I really like that explanation, well done.

 

In my experience you might find it difficult to concentrate on both your tulpa and the mindscape at the same time, but it will become easier with practice.

 

It's a little boring for my first post to be a plea for help' date=' so I'll ask another simple question in hopes of sparking a bit more life to the conversation: what was your first Wonderland like? As for me, the area I think of when I meditate is a library, I find that my mind is more eager to accept a real setting rather than a surreal one.[/quote']

 

My mindscape (it's just another word for wonderland) started out as a simple room with a trampoline and a bed, then it became an infinite trampoline plane, then I cut it in two with a road and a beach on one side and the trampoline on the other and I kept adding and changing things until it became what it's today:

Imagine a straight road, on the left there is a beach and on the right a house and behind that house there are mountains.
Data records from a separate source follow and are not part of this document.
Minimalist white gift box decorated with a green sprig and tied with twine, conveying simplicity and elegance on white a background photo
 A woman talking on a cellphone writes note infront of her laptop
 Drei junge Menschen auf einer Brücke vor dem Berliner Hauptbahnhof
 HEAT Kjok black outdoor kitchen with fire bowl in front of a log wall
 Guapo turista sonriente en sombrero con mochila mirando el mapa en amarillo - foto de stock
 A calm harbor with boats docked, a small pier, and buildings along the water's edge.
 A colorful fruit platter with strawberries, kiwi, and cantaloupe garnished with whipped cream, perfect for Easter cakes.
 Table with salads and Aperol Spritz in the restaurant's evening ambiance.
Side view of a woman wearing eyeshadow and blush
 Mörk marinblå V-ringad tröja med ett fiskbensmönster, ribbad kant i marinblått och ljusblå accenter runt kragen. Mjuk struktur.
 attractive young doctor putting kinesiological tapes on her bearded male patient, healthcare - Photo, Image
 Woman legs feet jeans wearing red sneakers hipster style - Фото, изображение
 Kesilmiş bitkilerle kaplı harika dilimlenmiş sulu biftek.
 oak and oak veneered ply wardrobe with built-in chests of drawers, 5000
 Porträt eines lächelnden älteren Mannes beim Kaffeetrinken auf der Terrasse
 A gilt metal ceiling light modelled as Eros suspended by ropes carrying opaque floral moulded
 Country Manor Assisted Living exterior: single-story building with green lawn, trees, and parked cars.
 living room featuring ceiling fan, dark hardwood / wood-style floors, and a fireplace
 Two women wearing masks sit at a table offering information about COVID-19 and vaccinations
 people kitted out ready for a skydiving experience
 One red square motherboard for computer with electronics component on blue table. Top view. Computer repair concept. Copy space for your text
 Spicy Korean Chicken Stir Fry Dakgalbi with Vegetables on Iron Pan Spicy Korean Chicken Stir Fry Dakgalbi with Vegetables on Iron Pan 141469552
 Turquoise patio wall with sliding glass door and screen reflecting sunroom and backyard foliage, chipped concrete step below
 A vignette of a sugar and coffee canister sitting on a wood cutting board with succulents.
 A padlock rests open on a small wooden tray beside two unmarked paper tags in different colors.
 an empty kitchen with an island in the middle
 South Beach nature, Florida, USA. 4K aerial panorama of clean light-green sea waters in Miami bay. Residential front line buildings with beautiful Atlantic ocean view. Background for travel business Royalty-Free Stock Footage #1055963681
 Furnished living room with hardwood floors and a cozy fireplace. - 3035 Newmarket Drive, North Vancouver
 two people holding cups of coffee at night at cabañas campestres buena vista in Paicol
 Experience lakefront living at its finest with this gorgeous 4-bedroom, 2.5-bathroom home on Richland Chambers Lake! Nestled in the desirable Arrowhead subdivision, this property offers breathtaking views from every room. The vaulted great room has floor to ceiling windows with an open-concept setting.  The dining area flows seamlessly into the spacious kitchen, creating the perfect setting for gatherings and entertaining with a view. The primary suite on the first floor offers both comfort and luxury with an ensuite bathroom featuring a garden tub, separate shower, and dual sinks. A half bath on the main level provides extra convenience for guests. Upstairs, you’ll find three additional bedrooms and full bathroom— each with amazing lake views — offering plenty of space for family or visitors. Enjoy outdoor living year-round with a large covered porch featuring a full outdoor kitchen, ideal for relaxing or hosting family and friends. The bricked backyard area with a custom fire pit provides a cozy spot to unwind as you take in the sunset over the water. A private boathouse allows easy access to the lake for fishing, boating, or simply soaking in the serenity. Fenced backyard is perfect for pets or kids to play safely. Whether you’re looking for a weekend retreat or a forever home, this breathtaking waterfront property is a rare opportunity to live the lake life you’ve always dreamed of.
Behind you there is a forest and in the distance in front of you there is something I'm not quite sure, mostly rocks.

Now zoom out.

It's a floating island and the ocean you saw is falling down a waterfall into the lake below and on the ground of the lake there is a sunken version of Venice.

There are some little islands here and there in the lake where sometimes we lay down and watch the clouds for a while, and around the lake there is a forest, there used to be a copy of a park I live close to somewhere, but I'm not sure if it's still there.